Soon after taking office, President Biden suspended some Trump asylum restrictions, including the so-called “Remain in Mexico” program and deals that allowed the U.S. to reroute asylum-seekers to Guatemala, Honduras and El Salvador with instructions to seek protection there.
The Biden administration, however, kept Title 42 in place, defending it as a public health policy for over a year. While it made exceptions to the expulsions, the Biden administration has used Title 42 longer and more often than the Trump administration, carrying out over 1.4 million migrant expulsions in its first 15 months.
Last year, the Biden administration revoked a Trump policy that generally disqualified victims of domestic and gang violence from asylum and said it would issue a regulation to define the “particular social group” ground for asylum that has been contested for decades. The rule has yet to be finalized.
How can the system be fixed?
Conservatives have proposed narrowing asylum eligibility, detaining asylum-seekers while their cases are reviewed and ramping up deportations. Liberals, meanwhile, have advocated for connecting asylum-seekers with lawyers, hiring additional asylum officers and speeding up case processing.
The Biden administration’s attempt to overhaul asylum processing along the southern border aligns with the latter approach. It is designed to accelerate adjudications by assigning USCIS officers to decide asylum cases, rather than funneling all requests to the backlogged immigration courts.
But it remains to be seen whether officials will be able to hire enough asylum officers and allocate sufficient resources, including deportation flights for those whose cases are rejected, for the rule to achieve its objective of delivering more expeditious asylum grants or denials. The rule could also be blocked in court.
Recognizing that many migrants who travel to the U.S.-Mexico border do not ask for asylum or do not qualify for it, experts have also suggested expanding legal immigration, such as work and family-based visas, to allow would-be migrants to come to the country legally and thus reduce pressure on the asylum system.
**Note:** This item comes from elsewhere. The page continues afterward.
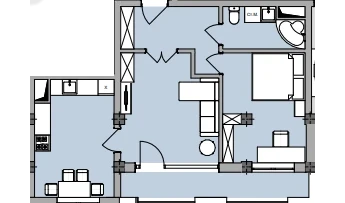 2-комнатная квартира 59.06 м²  3/3 этаж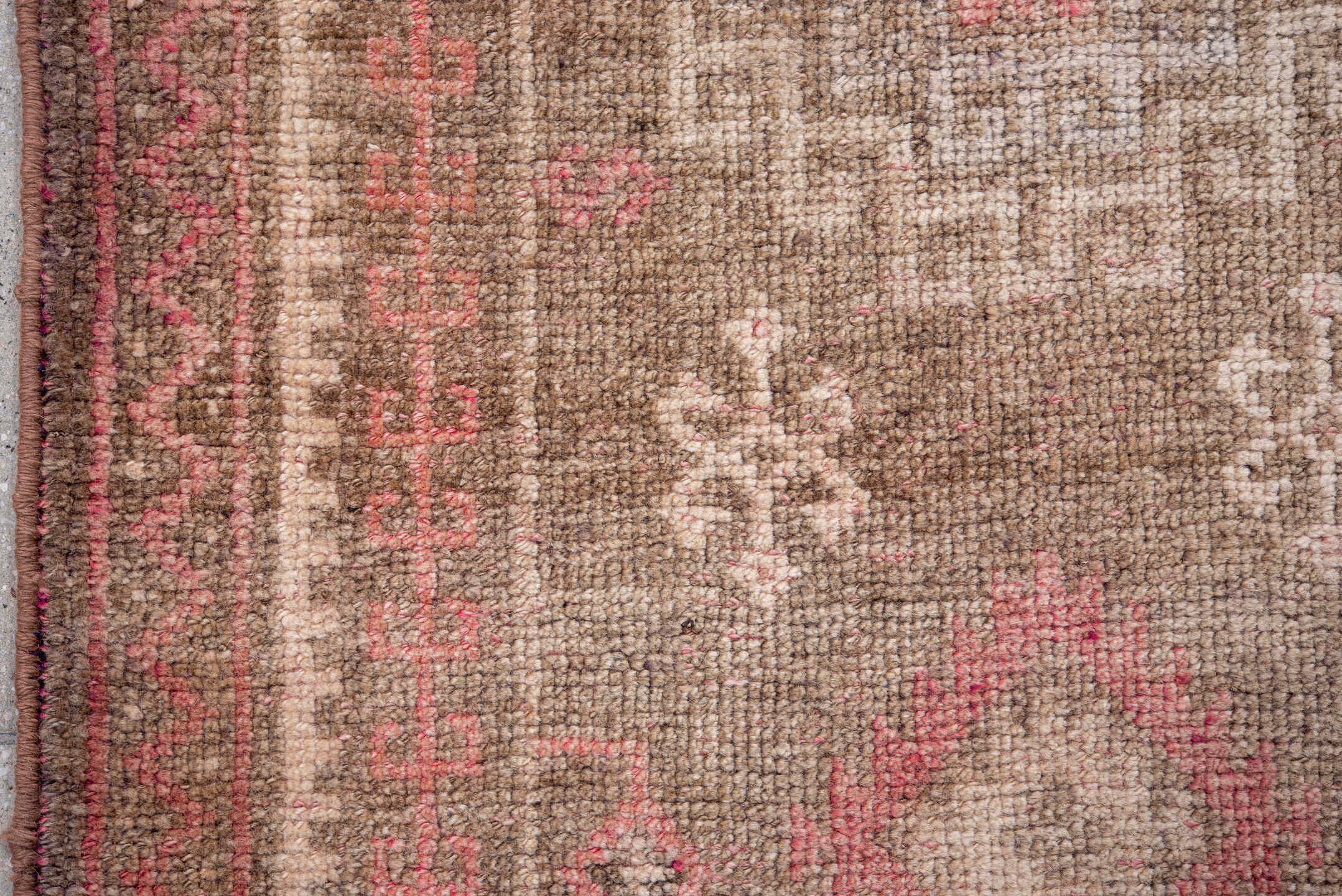 3' x 9' one-of-a-kind handmade vintage Kars runner rug. Color palette: rose, taupe, ivory, dusty pink, soft brown, charcoal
“Asylum is not going to solve everything at the border. Many of these people just want to come to work. If we need people in this country to work, they should be able to come legally and they should also not compromise our asylum system,” said Muzaffar Chishti, a senior fellow at the Migration Policy Institute.
At the same time, Chishti said, the U.S. needs to find durable solutions to the challenges plaguing its asylum system to ensure it’s providing refuge to those fleeing persecution, in accordance with U.S. and international refugee law.
“Our asylum system doesn’t serve anyone,” Chishti said. “It doesn’t serve people who deserve to get it because we don’t give it to them for years, and it doesn’t remove people from the country who don’t deserve it.”